▶ Material provided

+ + + +

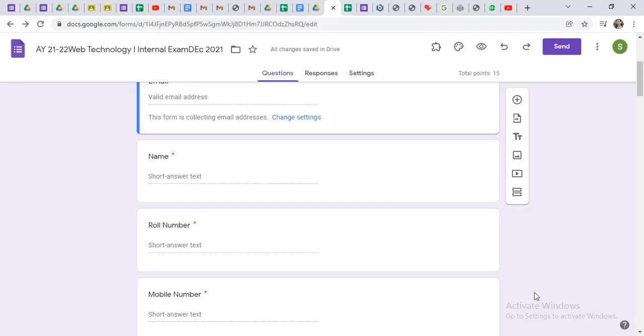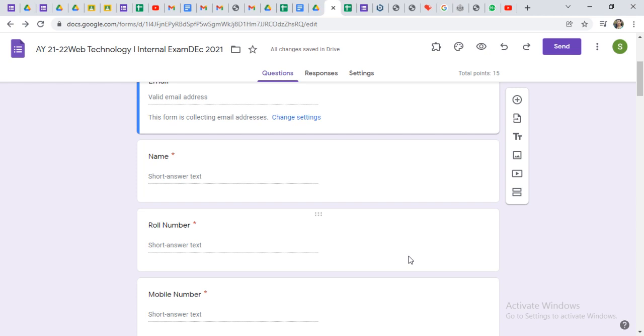Hello everyone, I am Sonali. In this part, I will show you one important feature of Google Forms. When we are assigning tests to students, sometimes due to network issues or by mistake, they are disconnected from the test. They are losing this connection.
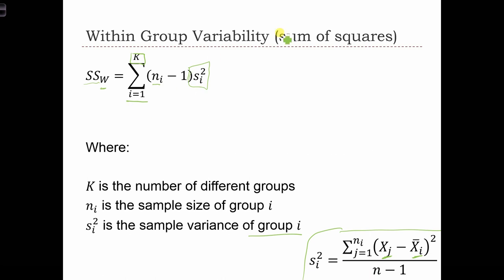This is the within-group variability. If within the groups the variability is very small, that means there's not going to be a lot of sampling error associated with that group's mean. In the case where we have small within-group variability, the within-group sum of squares is going to be small as well. In the case when each group has a lot of variance, the sum of squares within is going to be large.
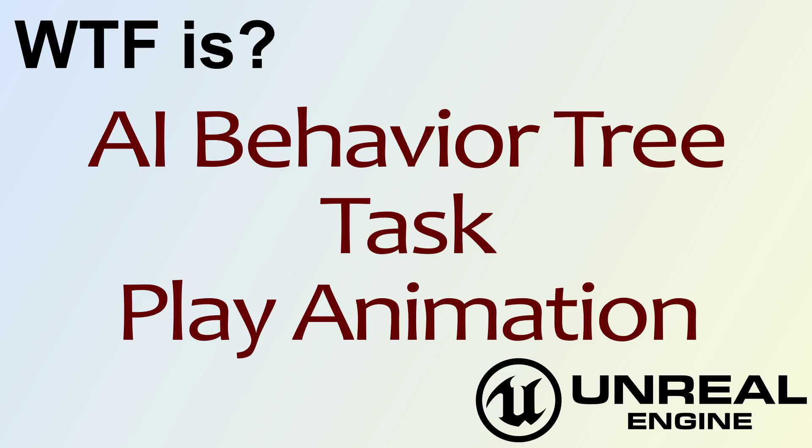Hello, welcome to the video for What is the AI Behavior Tree Task? The play animation node.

+ + + +

▶ Directions
Leaving out all pictures, transcribe the listing exactly.

▶ Answer
Hello everyone, I am Sonali. In this part, I will show you one important feature of Google Forms. When we are assigning tests to students, sometimes due to network issues or by mistake, they are disconnected from the test. They are losing this connection.
This is the within-group variability. If within the groups the variability is very small, that means there's not going to be a lot of sampling error associated with that group's mean. In the case where we have small within-group variability, the within-group sum of squares is going to be small as well. In the case when each group has a lot of variance, the sum of squares within is going to be large.
Hello, welcome to the video for What is the AI Behavior Tree Task? The play animation node.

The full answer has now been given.